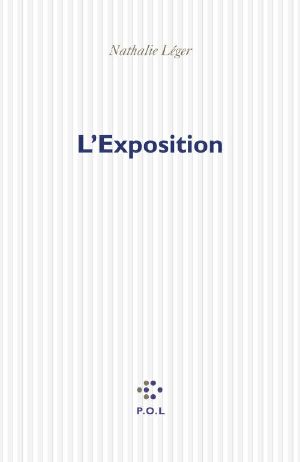 L'Exposition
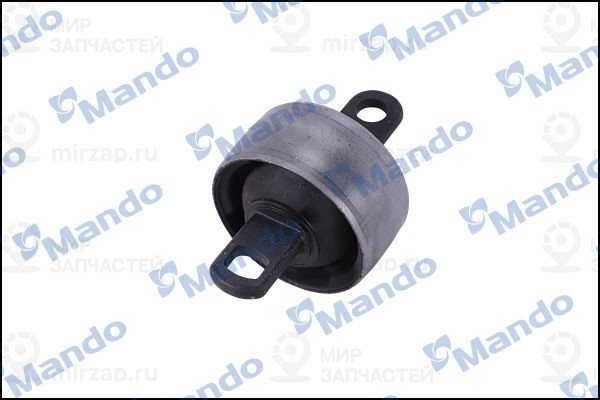 Запчасть MANDO DCC010175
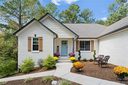 162 Sea Trail Drive sold home in Mooresville, SC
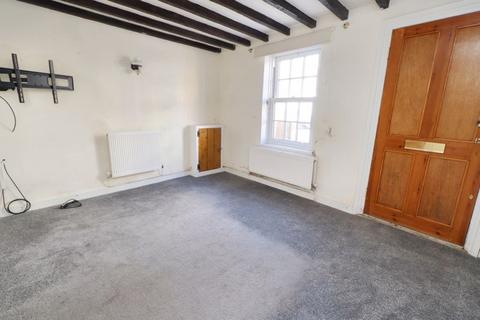 2 bedroom house for sale, Waterside, Brightlingsea, Colchester CO7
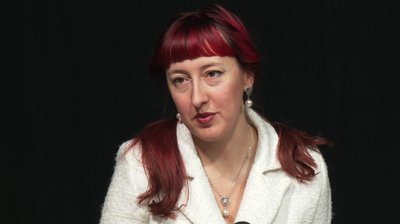 фестиваль, JazzBez, марічка юрчак фестиваль, JazzBez, марічка юрчак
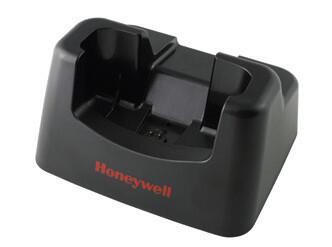 Honeywell - EDA50-HB-R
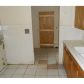 105 Martin Dr Ne, Port Charlotte, FL 33952 ID:712319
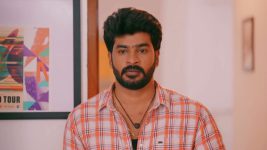 Idhayathai Thirudathey S01E159 31st October 2020 Full Episode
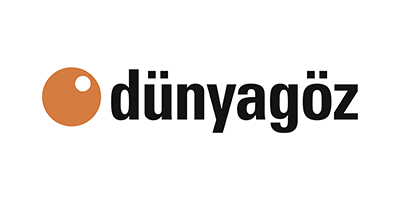 DunyaGoz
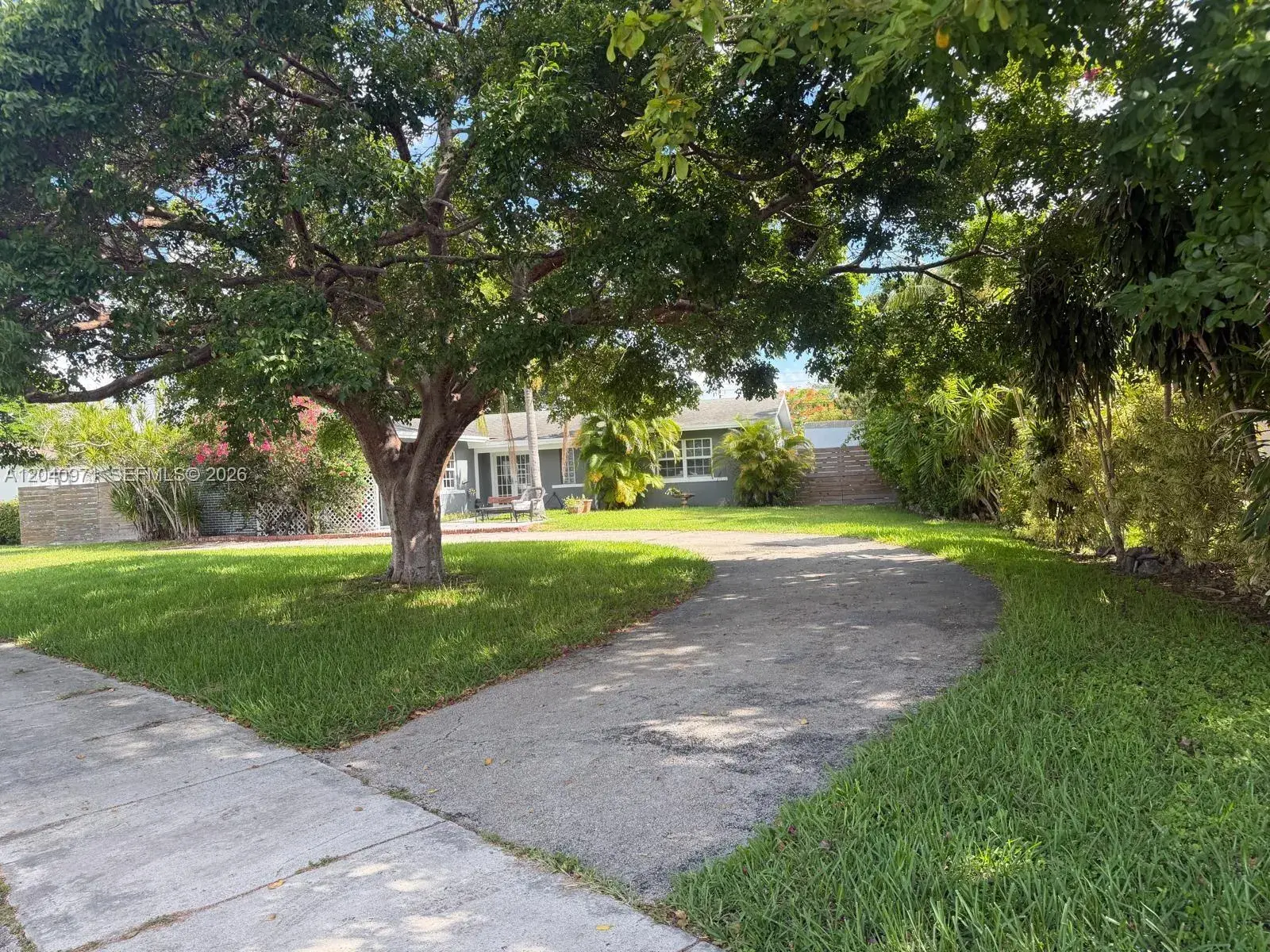 12551 SW 35th St, Miami FL 33175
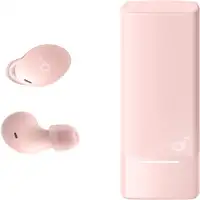 Anker A30i Auriculares Inalámbrico Dentro de oído Llamadas/Música/Deporte/Uso diar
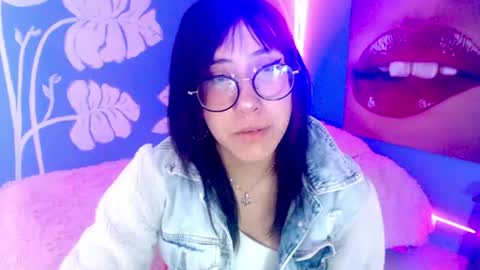 Snapshot of cloud_eli chatting on June 18, 2026, 11:14 am Elizabeth online show from June 18, 2026, 11:14 am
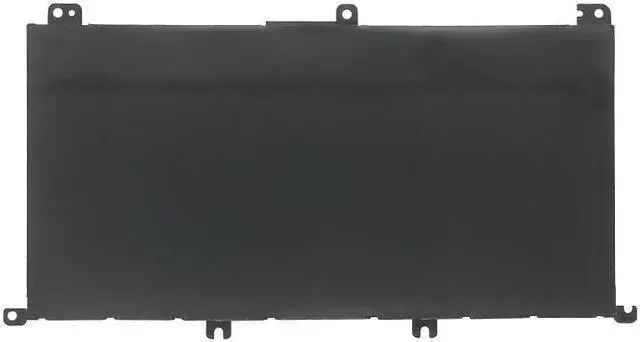 Alt view image 7 of 7 - ADP-65KHB  For  Lenovo  IdeaPad G560 G580 Y410P Y500 B560 B570 B575 G570 G585 G780 N580 N585 N586 Y400 Y480 Y580 Z560 Z565 Z570 Z575 Z580 Z585 P400 P500 U310 U410 V570 M30-70   Laptop AC ADAPTER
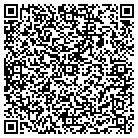 QR code with True Blend Milling Inc contacts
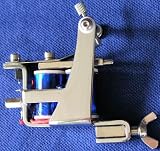 Tattoo Machine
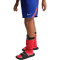 Nike Psg Thuistenue 2026-2027 Kind Shorts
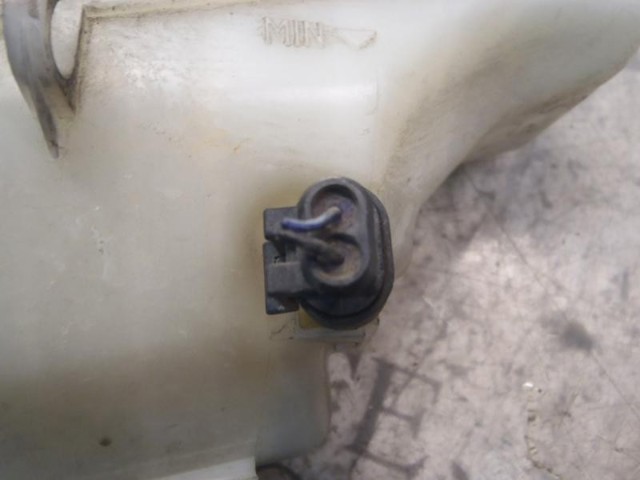 Cilindro principal de freno Fiat Punto 199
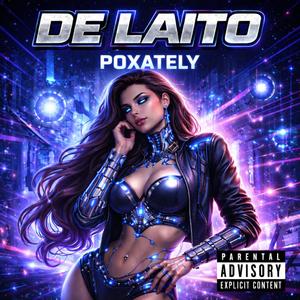 De Laito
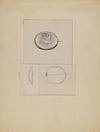 Brooch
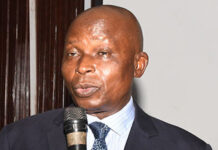 AGF Fagbemi pledges FG, states will review sentencing for suicide attempts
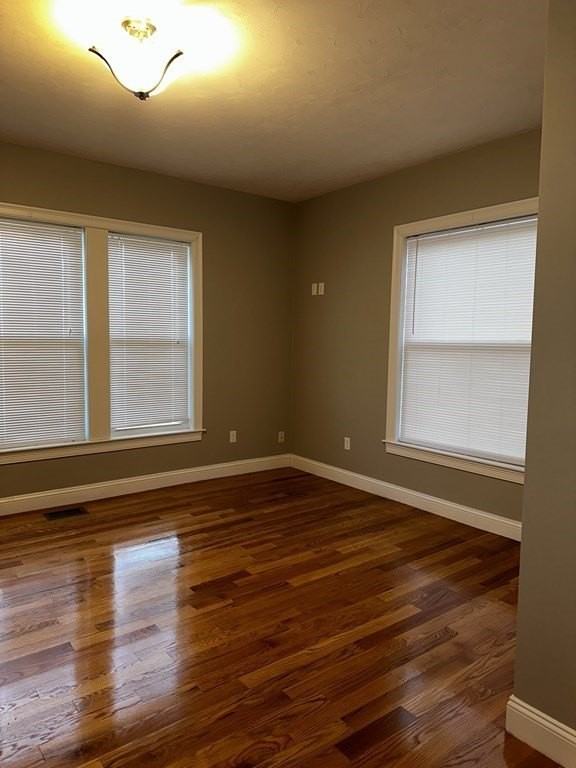 228 Spring St #1 - Photo 6 of 22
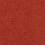 Tela Azuara Designers Guild Rosewood FDG3008/23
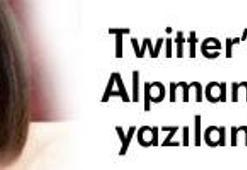 Ayten Alpman hayatını kaybetti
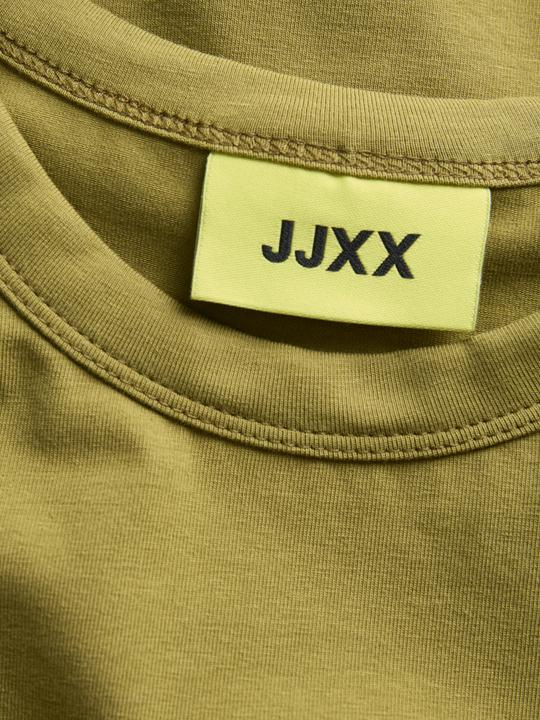 Actual product image JJXX JXGIGI T-shirt T-shirt (L)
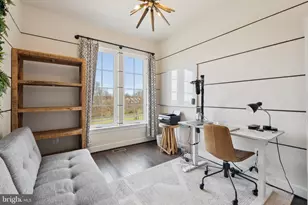 20386 Roslindale Dr, Ashburn, VA 20147 - Photo 52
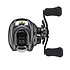Daiwa Daiwa STZCTSV70XH Steez CT SV 70XH 8.1:1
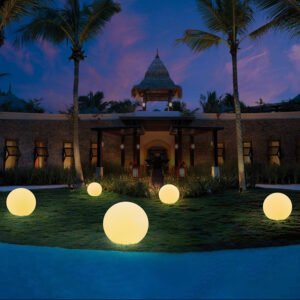 1618888576131.jpg Sphère Lumineuse LED Flottante Minimaliste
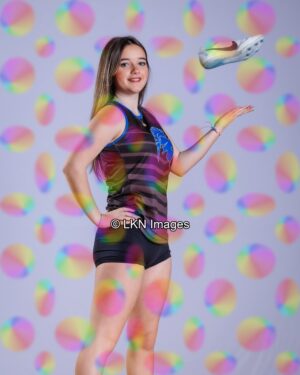 CSD - Track - Spring: CR6A2133_CSD_Spring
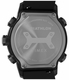 Men's Timex Triathlon Main Line Digital Silicone Band Watch TW5M66900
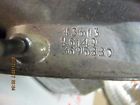 3695880 Mopar Newport New Yorker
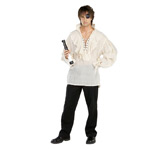 pirate_costume_white_linen_pirate_shirt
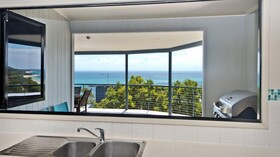 Blue Crab Beach House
+++
**TASK DIRECTIONS**
Repeat each line of the records exactly, dropping the pictures.

**RESPONSE FOR THIS EXERCISE**
 L'Exposition
 Запчасть MANDO DCC010175
 162 Sea Trail Drive sold home in Mooresville, SC
 2 bedroom house for sale, Waterside, Brightlingsea, Colchester CO7
 фестиваль, JazzBez, марічка юрчак фестиваль, JazzBez, марічка юрчак
 Honeywell - EDA50-HB-R
 105 Martin Dr Ne, Port Charlotte, FL 33952 ID:712319
 Idhayathai Thirudathey S01E159 31st October 2020 Full Episode
 DunyaGoz
 12551 SW 35th St, Miami FL 33175
 Anker A30i Auriculares Inalámbrico Dentro de oído Llamadas/Música/Deporte/Uso diar
 Snapshot of cloud_eli chatting on June 18, 2026, 11:14 am Elizabeth online show from June 18, 2026, 11:14 am
 Alt view image 7 of 7 - ADP-65KHB  For  Lenovo  IdeaPad G560 G580 Y410P Y500 B560 B570 B575 G570 G585 G780 N580 N585 N586 Y400 Y480 Y580 Z560 Z565 Z570 Z575 Z580 Z585 P400 P500 U310 U410 V570 M30-70   Laptop AC ADAPTER
 QR code with True Blend Milling Inc contacts
 Tattoo Machine
 Nike Psg Thuistenue 2026-2027 Kind Shorts
 Cilindro principal de freno Fiat Punto 199
 De Laito
 Brooch
 AGF Fagbemi pledges FG, states will review sentencing for suicide attempts
 228 Spring St #1 - Photo 6 of 22
 Tela Azuara Designers Guild Rosewood FDG3008/23
 Ayten Alpman hayatını kaybetti
 Actual product image JJXX JXGIGI T-shirt T-shirt (L)
 20386 Roslindale Dr, Ashburn, VA 20147 - Photo 52
Daiwa Daiwa STZCTSV70XH Steez CT SV 70XH 8.1:1
 1618888576131.jpg Sphère Lumineuse LED Flottante Minimaliste
 CSD - Track - Spring: CR6A2133_CSD_Spring
 Men's Timex Triathlon Main Line Digital Silicone Band Watch TW5M66900
 3695880 Mopar Newport New Yorker
 pirate_costume_white_linen_pirate_shirt
 Blue Crab Beach House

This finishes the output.